### Assigned task
Set down every record below exactly as it stands, minus the pictures.
** Stored data follows **
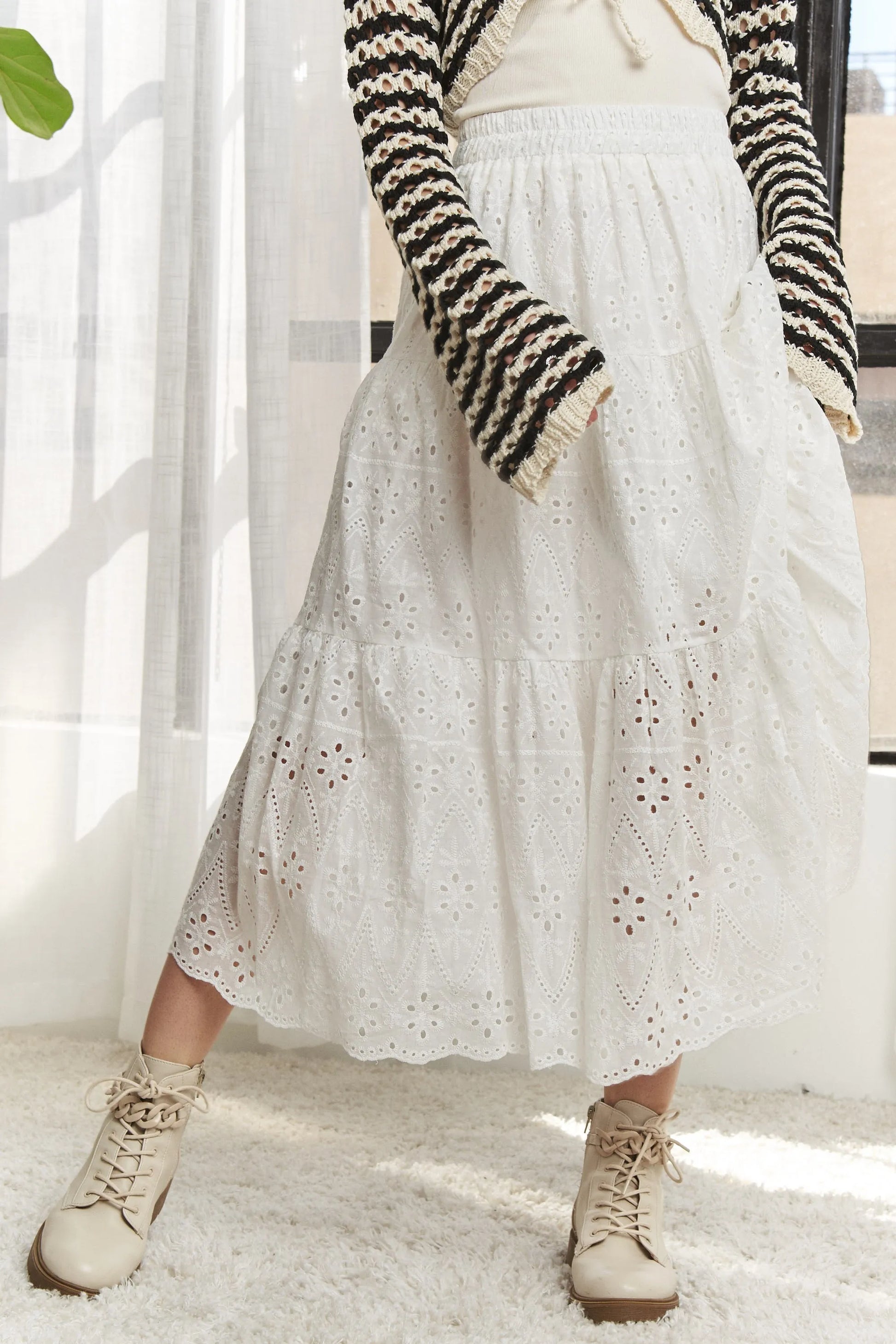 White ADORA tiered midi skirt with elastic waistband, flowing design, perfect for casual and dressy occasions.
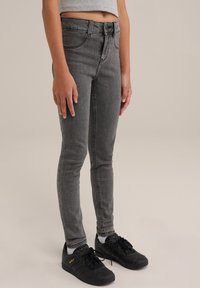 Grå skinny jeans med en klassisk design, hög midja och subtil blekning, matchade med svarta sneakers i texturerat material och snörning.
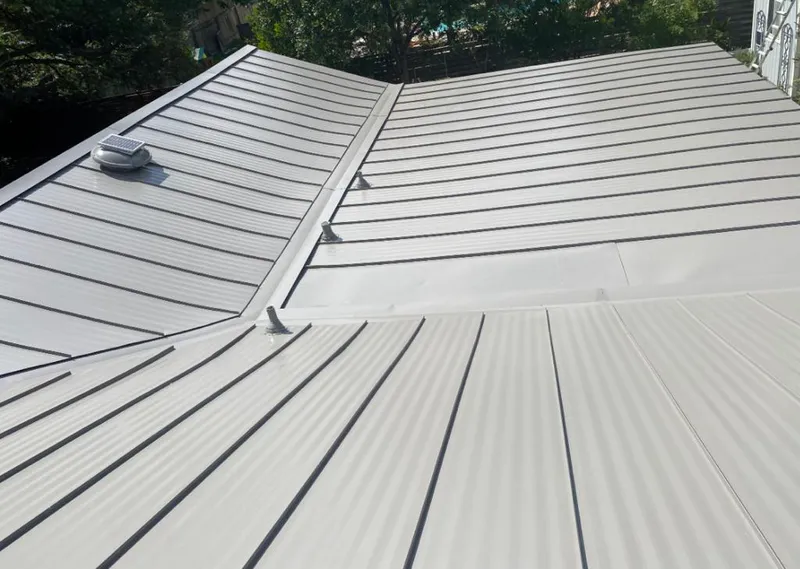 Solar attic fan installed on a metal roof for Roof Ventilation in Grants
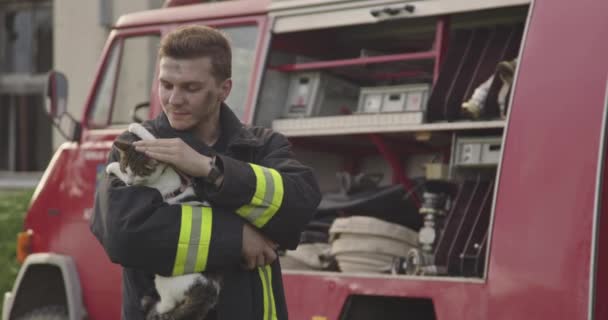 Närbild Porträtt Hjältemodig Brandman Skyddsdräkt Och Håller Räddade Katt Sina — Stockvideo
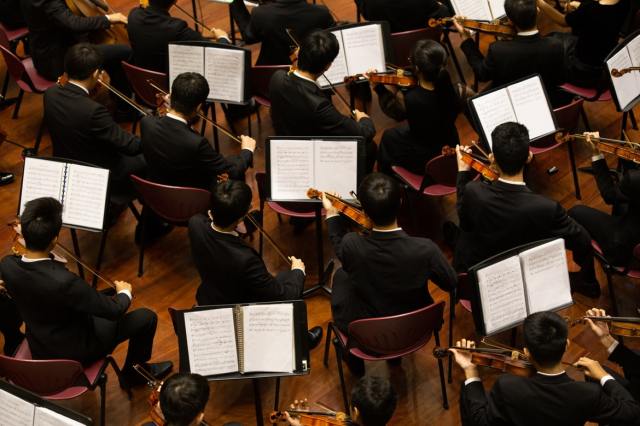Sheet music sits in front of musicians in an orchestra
** End of Stored data **
### Response to this task
 White ADORA tiered midi skirt with elastic waistband, flowing design, perfect for casual and dressy occasions.
 Grå skinny jeans med en klassisk design, hög midja och subtil blekning, matchade med svarta sneakers i texturerat material och snörning.
 Solar attic fan installed on a metal roof for Roof Ventilation in Grants
 Närbild Porträtt Hjältemodig Brandman Skyddsdräkt Och Håller Räddade Katt Sina — Stockvideo
Sheet music sits in front of musicians in an orchestra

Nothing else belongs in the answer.